### What to work on
Among the lines below, restate word for word only those from the line with "chairs stacked on top of each other" through the line with "RIP CURL - Polera", with both end lines kept.

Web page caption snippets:
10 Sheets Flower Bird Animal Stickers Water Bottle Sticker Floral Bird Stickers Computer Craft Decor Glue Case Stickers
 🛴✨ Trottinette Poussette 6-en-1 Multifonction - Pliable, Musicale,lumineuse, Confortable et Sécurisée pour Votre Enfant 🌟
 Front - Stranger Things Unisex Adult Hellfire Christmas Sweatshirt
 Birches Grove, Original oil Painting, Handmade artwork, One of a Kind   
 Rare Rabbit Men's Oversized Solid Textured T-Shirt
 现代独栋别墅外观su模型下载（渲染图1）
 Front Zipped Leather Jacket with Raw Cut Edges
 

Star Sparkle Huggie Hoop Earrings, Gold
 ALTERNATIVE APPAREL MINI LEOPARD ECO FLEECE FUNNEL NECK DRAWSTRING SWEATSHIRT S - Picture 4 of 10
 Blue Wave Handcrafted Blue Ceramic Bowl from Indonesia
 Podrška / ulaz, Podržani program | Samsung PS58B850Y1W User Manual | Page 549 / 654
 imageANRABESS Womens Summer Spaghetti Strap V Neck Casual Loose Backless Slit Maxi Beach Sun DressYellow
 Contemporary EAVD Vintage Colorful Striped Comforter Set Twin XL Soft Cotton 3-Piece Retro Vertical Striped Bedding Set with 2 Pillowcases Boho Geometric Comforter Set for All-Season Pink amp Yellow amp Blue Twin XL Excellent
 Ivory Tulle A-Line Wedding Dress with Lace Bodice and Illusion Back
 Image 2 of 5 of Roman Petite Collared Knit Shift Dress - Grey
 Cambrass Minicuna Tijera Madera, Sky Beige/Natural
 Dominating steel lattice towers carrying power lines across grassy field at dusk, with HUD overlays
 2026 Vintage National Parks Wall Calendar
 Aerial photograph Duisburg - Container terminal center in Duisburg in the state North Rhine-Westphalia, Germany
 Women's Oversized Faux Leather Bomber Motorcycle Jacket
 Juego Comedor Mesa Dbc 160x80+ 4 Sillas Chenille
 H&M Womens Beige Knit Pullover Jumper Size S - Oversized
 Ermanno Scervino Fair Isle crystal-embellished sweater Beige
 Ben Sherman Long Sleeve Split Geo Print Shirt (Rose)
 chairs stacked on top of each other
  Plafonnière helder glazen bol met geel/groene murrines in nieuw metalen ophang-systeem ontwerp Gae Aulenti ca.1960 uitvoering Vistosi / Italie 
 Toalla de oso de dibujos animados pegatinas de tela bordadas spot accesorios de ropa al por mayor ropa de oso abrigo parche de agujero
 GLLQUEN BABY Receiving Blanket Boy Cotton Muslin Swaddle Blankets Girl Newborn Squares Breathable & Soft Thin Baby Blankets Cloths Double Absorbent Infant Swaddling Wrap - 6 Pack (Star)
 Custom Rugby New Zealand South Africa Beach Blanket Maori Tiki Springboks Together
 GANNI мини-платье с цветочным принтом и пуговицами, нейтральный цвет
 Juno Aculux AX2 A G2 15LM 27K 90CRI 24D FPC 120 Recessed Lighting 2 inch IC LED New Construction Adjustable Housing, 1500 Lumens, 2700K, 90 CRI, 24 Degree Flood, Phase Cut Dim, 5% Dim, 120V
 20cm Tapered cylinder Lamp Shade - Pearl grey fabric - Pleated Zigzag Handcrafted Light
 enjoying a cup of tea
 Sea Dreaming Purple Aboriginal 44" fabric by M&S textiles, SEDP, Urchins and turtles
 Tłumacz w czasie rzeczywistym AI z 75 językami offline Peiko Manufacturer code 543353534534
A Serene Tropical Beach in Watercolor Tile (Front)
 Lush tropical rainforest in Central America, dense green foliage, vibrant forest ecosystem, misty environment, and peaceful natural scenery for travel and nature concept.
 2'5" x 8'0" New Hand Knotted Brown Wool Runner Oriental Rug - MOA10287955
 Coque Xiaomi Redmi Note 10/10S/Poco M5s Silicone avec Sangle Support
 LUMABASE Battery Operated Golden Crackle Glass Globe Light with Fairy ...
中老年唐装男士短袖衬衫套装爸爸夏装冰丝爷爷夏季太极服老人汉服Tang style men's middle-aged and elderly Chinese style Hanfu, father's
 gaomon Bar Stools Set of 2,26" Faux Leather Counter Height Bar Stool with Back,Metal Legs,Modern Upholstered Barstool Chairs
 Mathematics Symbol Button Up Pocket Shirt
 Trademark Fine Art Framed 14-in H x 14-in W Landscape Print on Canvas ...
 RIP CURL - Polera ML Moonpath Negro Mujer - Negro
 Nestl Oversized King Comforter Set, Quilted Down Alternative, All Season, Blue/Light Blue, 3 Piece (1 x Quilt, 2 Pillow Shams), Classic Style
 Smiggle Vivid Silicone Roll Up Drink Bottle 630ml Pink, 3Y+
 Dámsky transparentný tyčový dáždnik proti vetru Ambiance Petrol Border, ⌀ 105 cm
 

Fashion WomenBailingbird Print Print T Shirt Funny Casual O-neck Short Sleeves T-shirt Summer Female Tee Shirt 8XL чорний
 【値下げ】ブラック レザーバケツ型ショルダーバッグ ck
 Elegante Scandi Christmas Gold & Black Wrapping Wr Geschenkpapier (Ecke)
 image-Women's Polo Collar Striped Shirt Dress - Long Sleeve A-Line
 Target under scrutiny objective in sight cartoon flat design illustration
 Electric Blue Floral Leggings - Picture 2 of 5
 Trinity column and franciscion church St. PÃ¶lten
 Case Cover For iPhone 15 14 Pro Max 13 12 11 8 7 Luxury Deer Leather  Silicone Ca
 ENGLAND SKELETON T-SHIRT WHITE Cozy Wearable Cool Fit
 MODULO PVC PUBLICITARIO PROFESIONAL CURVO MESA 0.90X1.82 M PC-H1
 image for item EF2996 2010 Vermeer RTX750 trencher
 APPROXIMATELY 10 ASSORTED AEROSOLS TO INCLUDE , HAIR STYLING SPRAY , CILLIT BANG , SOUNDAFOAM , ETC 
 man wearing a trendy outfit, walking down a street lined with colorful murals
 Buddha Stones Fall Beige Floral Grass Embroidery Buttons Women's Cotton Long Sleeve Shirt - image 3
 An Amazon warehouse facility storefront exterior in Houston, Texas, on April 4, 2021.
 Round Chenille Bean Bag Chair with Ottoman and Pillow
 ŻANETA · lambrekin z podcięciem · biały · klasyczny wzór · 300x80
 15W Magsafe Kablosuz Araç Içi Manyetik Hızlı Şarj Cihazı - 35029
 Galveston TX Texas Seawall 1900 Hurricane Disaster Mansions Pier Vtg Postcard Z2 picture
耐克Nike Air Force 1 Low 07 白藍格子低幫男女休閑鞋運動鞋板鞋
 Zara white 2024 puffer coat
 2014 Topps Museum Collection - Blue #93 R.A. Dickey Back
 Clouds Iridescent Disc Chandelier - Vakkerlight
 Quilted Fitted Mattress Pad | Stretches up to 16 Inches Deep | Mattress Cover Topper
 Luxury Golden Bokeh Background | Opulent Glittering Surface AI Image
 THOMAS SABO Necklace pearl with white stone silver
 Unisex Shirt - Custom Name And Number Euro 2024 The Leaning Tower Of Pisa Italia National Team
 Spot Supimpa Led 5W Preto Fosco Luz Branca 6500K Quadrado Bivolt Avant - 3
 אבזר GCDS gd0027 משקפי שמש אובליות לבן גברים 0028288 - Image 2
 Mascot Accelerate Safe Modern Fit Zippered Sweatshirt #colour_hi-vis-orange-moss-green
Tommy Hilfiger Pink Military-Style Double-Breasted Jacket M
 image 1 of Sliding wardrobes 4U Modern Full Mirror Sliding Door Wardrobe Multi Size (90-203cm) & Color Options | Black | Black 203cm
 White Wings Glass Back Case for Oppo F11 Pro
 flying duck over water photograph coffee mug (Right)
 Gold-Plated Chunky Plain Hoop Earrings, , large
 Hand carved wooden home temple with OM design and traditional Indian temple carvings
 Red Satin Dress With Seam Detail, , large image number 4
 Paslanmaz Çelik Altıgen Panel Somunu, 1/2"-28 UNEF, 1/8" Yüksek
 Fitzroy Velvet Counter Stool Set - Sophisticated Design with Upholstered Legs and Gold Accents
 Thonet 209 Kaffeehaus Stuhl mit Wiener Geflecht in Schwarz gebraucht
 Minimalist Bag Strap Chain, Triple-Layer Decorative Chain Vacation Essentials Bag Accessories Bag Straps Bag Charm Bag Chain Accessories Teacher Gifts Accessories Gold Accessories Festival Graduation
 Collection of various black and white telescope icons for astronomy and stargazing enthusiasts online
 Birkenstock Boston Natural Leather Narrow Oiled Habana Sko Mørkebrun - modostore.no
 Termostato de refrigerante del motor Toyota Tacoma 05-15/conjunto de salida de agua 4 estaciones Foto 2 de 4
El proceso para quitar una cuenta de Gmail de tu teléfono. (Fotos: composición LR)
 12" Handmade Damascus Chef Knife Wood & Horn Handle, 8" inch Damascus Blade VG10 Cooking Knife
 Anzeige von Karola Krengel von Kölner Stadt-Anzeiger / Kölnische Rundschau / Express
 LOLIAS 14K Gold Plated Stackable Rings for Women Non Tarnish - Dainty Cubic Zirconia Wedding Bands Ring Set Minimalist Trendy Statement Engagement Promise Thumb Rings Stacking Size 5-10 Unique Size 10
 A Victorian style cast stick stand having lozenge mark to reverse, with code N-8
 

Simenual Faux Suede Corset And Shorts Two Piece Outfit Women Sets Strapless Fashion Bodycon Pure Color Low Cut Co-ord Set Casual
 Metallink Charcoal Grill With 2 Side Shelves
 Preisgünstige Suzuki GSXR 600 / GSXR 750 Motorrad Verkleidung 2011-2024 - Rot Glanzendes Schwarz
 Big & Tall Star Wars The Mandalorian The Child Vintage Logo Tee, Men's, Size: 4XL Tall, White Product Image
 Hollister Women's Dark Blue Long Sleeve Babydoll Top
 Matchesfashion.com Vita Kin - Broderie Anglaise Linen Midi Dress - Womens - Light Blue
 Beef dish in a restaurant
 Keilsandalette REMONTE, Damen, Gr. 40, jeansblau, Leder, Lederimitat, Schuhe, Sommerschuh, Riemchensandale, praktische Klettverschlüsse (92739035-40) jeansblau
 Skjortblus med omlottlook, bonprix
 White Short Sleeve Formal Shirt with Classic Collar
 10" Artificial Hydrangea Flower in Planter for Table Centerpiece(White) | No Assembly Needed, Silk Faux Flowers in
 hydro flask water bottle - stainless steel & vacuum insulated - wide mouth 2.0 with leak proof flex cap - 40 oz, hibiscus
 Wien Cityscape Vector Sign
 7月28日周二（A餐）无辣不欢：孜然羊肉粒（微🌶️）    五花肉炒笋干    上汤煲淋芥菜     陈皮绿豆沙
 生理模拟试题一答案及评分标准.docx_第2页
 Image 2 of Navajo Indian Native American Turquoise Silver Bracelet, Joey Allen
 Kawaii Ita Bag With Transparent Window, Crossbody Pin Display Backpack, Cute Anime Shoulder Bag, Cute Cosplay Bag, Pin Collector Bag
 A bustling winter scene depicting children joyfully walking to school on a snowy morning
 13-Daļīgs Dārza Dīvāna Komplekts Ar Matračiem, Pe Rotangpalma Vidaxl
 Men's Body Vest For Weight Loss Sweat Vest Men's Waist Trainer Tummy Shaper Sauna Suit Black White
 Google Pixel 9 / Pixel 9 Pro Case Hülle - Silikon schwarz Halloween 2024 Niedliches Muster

### Solution
 chairs stacked on top of each other
  Plafonnière helder glazen bol met geel/groene murrines in nieuw metalen ophang-systeem ontwerp Gae Aulenti ca.1960 uitvoering Vistosi / Italie 
 Toalla de oso de dibujos animados pegatinas de tela bordadas spot accesorios de ropa al por mayor ropa de oso abrigo parche de agujero
 GLLQUEN BABY Receiving Blanket Boy Cotton Muslin Swaddle Blankets Girl Newborn Squares Breathable & Soft Thin Baby Blankets Cloths Double Absorbent Infant Swaddling Wrap - 6 Pack (Star)
 Custom Rugby New Zealand South Africa Beach Blanket Maori Tiki Springboks Together
 GANNI мини-платье с цветочным принтом и пуговицами, нейтральный цвет
 Juno Aculux AX2 A G2 15LM 27K 90CRI 24D FPC 120 Recessed Lighting 2 inch IC LED New Construction Adjustable Housing, 1500 Lumens, 2700K, 90 CRI, 24 Degree Flood, Phase Cut Dim, 5% Dim, 120V
 20cm Tapered cylinder Lamp Shade - Pearl grey fabric - Pleated Zigzag Handcrafted Light
 enjoying a cup of tea
 Sea Dreaming Purple Aboriginal 44" fabric by M&S textiles, SEDP, Urchins and turtles
 Tłumacz w czasie rzeczywistym AI z 75 językami offline Peiko Manufacturer code 543353534534
A Serene Tropical Beach in Watercolor Tile (Front)
 Lush tropical rainforest in Central America, dense green foliage, vibrant forest ecosystem, misty environment, and peaceful natural scenery for travel and nature concept.
 2'5" x 8'0" New Hand Knotted Brown Wool Runner Oriental Rug - MOA10287955
 Coque Xiaomi Redmi Note 10/10S/Poco M5s Silicone avec Sangle Support
 LUMABASE Battery Operated Golden Crackle Glass Globe Light with Fairy ...
中老年唐装男士短袖衬衫套装爸爸夏装冰丝爷爷夏季太极服老人汉服Tang style men's middle-aged and elderly Chinese style Hanfu, father's
 gaomon Bar Stools Set of 2,26" Faux Leather Counter Height Bar Stool with Back,Metal Legs,Modern Upholstered Barstool Chairs
 Mathematics Symbol Button Up Pocket Shirt
 Trademark Fine Art Framed 14-in H x 14-in W Landscape Print on Canvas ...
 RIP CURL - Polera ML Moonpath Negro Mujer - Negro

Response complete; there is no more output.